Saturday, November 30, 2013

Daily Prompt: Love and Rivers

I learned to love rivers growing up in Washington, D.C. in the 1970s and 1980s. I'd ride my bike to and along the Potomac; the wide slowness of the river through town invited daydreams. Sometimes I paddled the river in a canoe with my brother, father or friends. More recently, my brother and sister-in-law took me stand-up paddling to the Three Sisters rocks upstream from Key Bridge. 

Sacramento, where I live now, holds two rivers. It's not hard to imagine the history that has flowed along the city's namesake through Old Town. The American is wilder and where I go to see white-tailed kites flap and glide as they hunt insects on the wing. 

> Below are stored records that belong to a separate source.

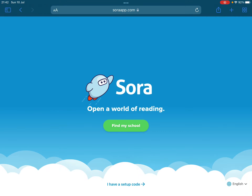Sora is an app that we use now in Newhall to introduce children to the world of the e-library. It is part of our Hampshire library service and we're using it this year instead of Wheelers. I'm going to show you how to log in. You can use this either on the browser at soraapp.com or through tablets or iPads, using either the iStore or the Play Store to download it. I'm going to show you how to do it on the browser.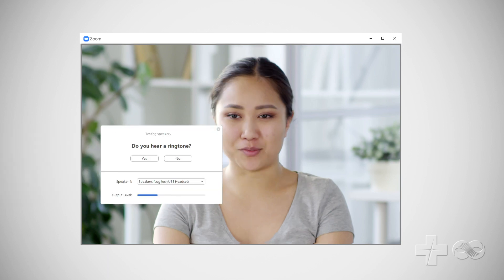Let's move on to test the audio. Do you hear a ringtone? Select yes or no. If you select no, the Zoom app will lead you through steps to fix the problem.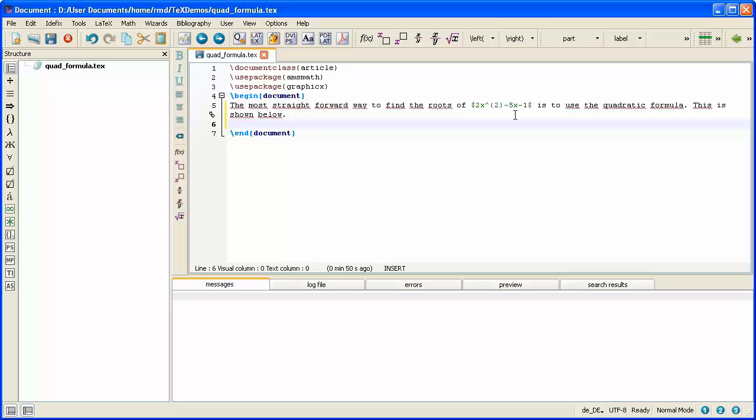The third method is to type the mathematical text in between a begin equation and an end equation. That will be a little bit different in that it will give you an equation number.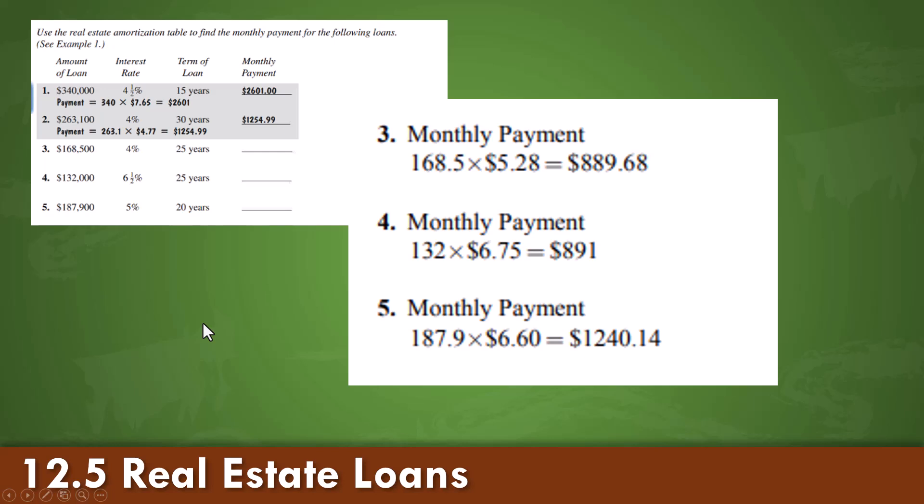Examples are here for you. Monthly payment for 3, 4, and 5.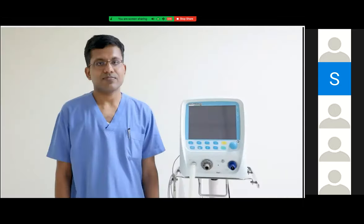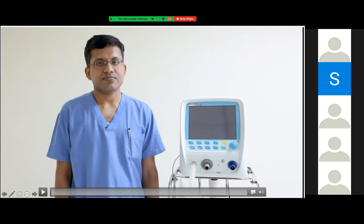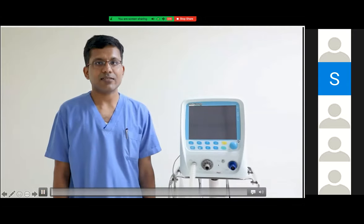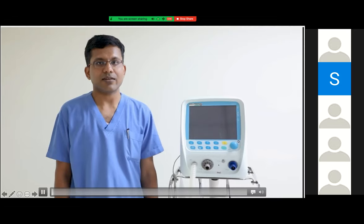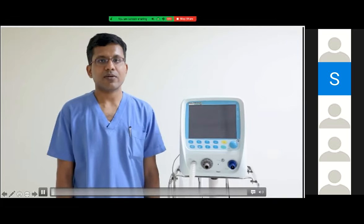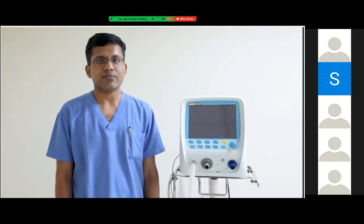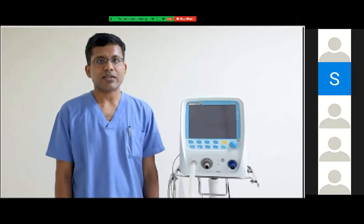In this video, I will be showing you the parts of the mechanical ventilator. For the purpose of demonstration, we are using the Acutronic ventilator from Fabian. We are not promoting any ventilator — this is only for the purpose of demonstration.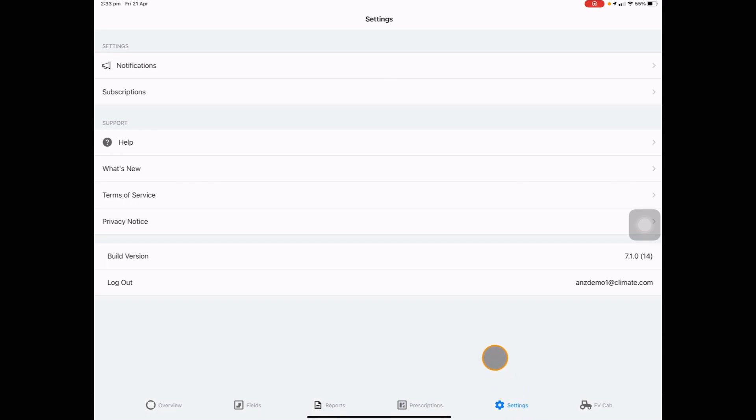View or change any account settings including notifications as well as a quick link to the FieldView cab app here.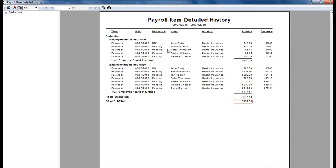For more information on the Payroll Item Detailed History Report, click F1 to read the help topic on the Payroll Item Detailed History Report.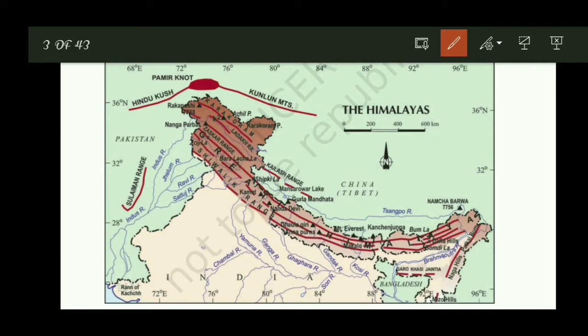The Trans-Himalaya is called Ladakh, Zaskar, and Karakoram range. K2 is called K2, Godwin-Austin, or Chogori, which is the world's second highest mountain peak. Siachen Glacier is India's largest glacier. This is the world's highest battlefield. Ladakh is called Cold Desert. Ladakh and Zaskar are separated by the Indus River.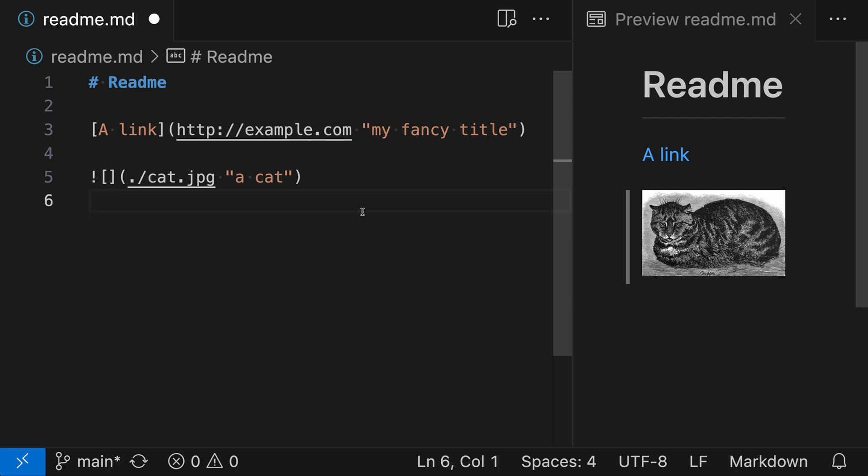That's a quick look at how you can add titles to links in Markdown. These titles can be a great, unobtrusive way to give readers more information about your links.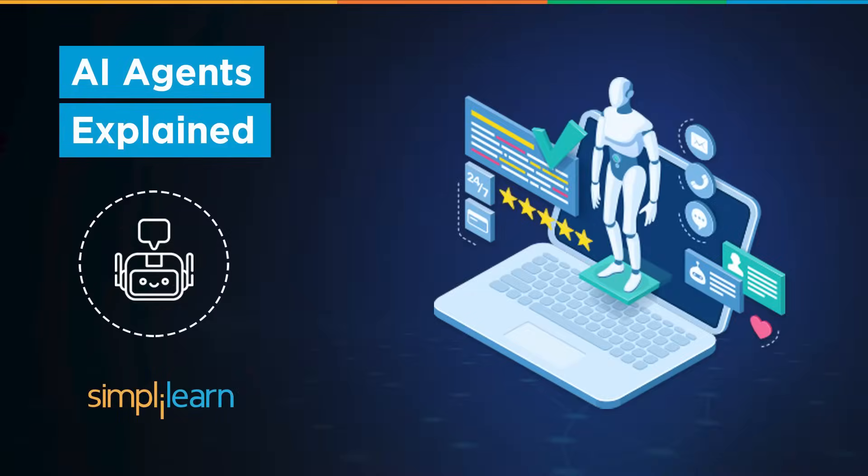Hi everyone, welcome to the Simply Learn YouTube channel. In this tutorial, we will learn about a brief introduction to agentic AI and AI agents. Also, we will try to build an AI agent of our own to have a good hands-on experience.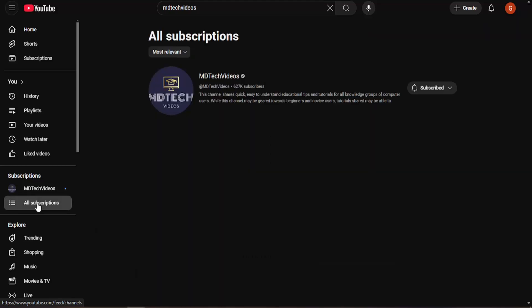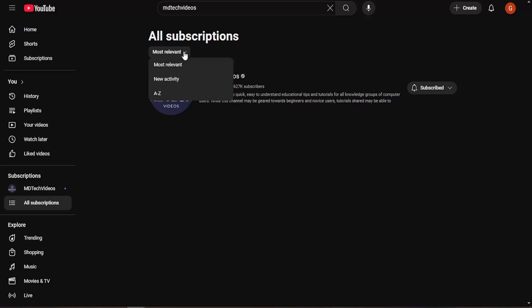So go ahead and select that. It'll list them all out here and you can sort by at the top, which has the newest activity.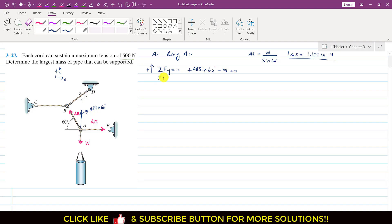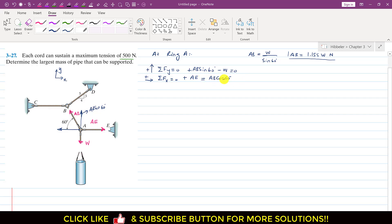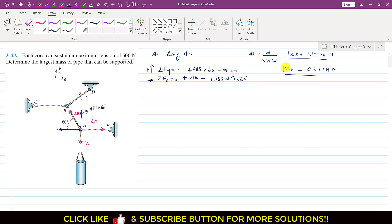Applying ΣFx = 0 at ring A: AE acts in the positive x direction, and AB has a horizontal component acting in the negative direction. So we write AE − AB·cos(60°) = 0, giving AE = AB·cos(60°) = 1.155W·cos(60°) = 0.577W Newtons.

This poem, "Love Poem," seems like a poem about the love among people, and it is. But the poem could not have come into being without having loved rivers first.

Love Poem
 
Love came not too late to appreciate
the step at the back door that says
I’m home. Corners have changed. Before
everything was angles. Now rooms’ edges
dissolve in companionship as embraces wake
up milled wood of the building’s frame,
stir wires that link bulbs and sockets
to a power source way, way up the hill
where a dam seals a river as
landscape’s sacrifice for this feeling.
- Alexa Mergen, poem previously published in Foundling Review

Daily Prompt:  Write a love poem for someone, your own love or another's. Include an element of geography, too.